Commentary: North Carolina HB 2 –The ghost of Jesse HelmsAround the Nation, Commentary, Online Only, Top Highlights Saturday, April 30th, 2016
Contributor Note: July 19, 1994, Sen. Jesse Helms, in a fiery speech recorded by C-SPAN and The Congressional Record, moved to fire Mr. Patterson from his US government job for “promoting the gay agenda” in the federal workplace.
Gov. Pat McCrory responded to the call of North Carolinians when he signed HB 2 into law. He also responded to the ghost of North Carolina’s long serving GOP US Sen. Jesse Helms.

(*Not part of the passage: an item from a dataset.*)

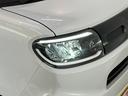 衝突被害軽減ブレーキ　コーナーセンサー　ＬＥＤ　スマートキー　左側電動スライドドア　前席シートヒーター　９型ディスプレイオーディオ　フルセグ　Ｂｌｕｅｔｏｏｔｈ　ＵＳＢ　バックカメラ　オートライト（滋賀県）の中古車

I identify as a Republican. I am a paid life member of the Republican Party. I wholeheartedly believe in employment and legal protections for LGBT people as I have seen the economic misery in the lives of LGBT friends and families.

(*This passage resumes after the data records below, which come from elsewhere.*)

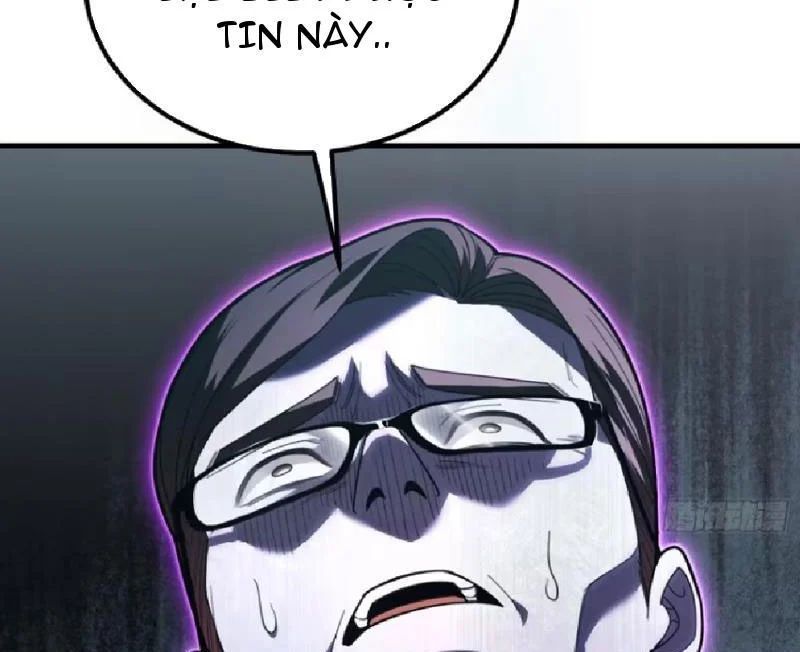 Tối Cường Khí Thiếu (Bản Mới) - Chapter 11 - Page 112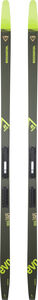 Rossignol Skis de fond Backcountry unisexe EVO XC 65 R-SKIN multicolor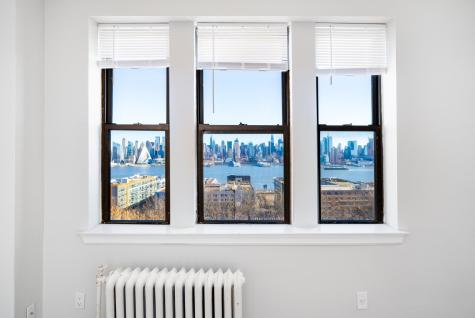 883 Boulevard East Weehawken NJ 07086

While working as an agricultural diplomat in the Clinton administration I supported the administration’s federal workplace initiative to fight discrimination against my LGBT colleagues. This work became a part of my employment. The position description is a part of the Congressional Record for July 19, 1994.
When Sen. Helms read the position description and learned of my work to promote workplace diversity in the federal government, he considered my work prohibited political activity. Using government resources to fight employment discrimination against LGBT workers amounted to waste of government resources to Sen. Helms and he moved to fire me to stop the waste.

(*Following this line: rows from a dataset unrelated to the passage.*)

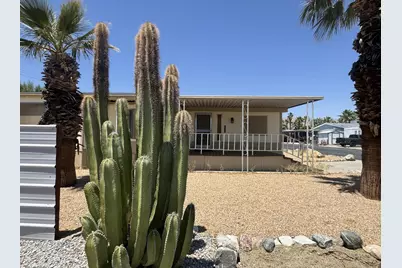 15500 Bubbling Wells Road #219, Desert Hot Springs, CA 92240 - Photo 1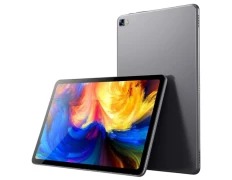 Tablet Pritom M50 10 Gris 8GB/256GB Wifi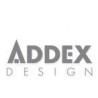 Addex Desing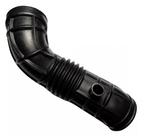 Mangueira filtro ar - tempra 2.0 mpfi 16v 93/96 - 7.760.155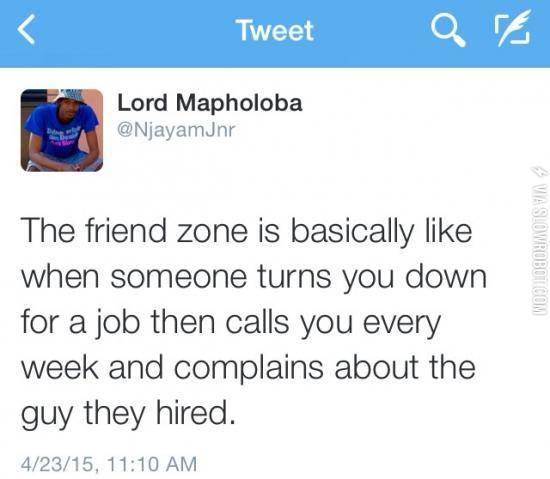 Stop+answering+the+phone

Helms became so outraged he called me a “pervert” in The Congressional Record and the Q-word and F-word on the campaign trail. It was a tough time for me and I learned firsthand of the misery my LGBT colleagues experienced and, sadly, continue to experience.
HB 2, a long and complex bill, contains a provision that requires people in North Carolina to use public restrooms corresponding to their sex at birth rather than gender identity. This transphobic bill has drawn national and international outrage by corporate, government and political sources.
As a Republican I was proud GOP presidential candidates Donald Trump and John Kasich stepped forward to reject the politics behind HB 2. I also applaud those North Carolina Republicans who have rejected the bill.
My deeply held Christian faith tells me everyone needs to work to support themselves, their families and their churches. Likewise, my deeply held political faith in the Republican Party tells me people should be free to work for the same reasons. Workplace discrimination forces people to lives of personal misery and economic dependency on poorly managed government programs.
Americans are free to choose where to work and for whom. Employers and employees need to be freed from the politics of workplace stigma due to a person’s sexuality.
After 20 years, I bare no grudge toward Sen. Jesse Helms. I wish him peace. He and I, though in the same political party and from the Deep South, did not see eye to eye on LGBT rights. His views on LGBT people were based on the prevailing views of his time that we were all sick criminals and LGBT groups made little or no effort to help him alter his views. As a result, he saw no reason to change with his times and his political legacy suffers in this regard.
In his 1994 speech in The Congressional Record, Sen. Helms said “we are at the crossroads of twisted values” in our Nation. In 2016 North Carolina is at a political and economic crossroads. I believe Sen. Helms would want the state’s economy to continue to grow and for North Carolinians to prosper. To do that HB 2 should be repealed.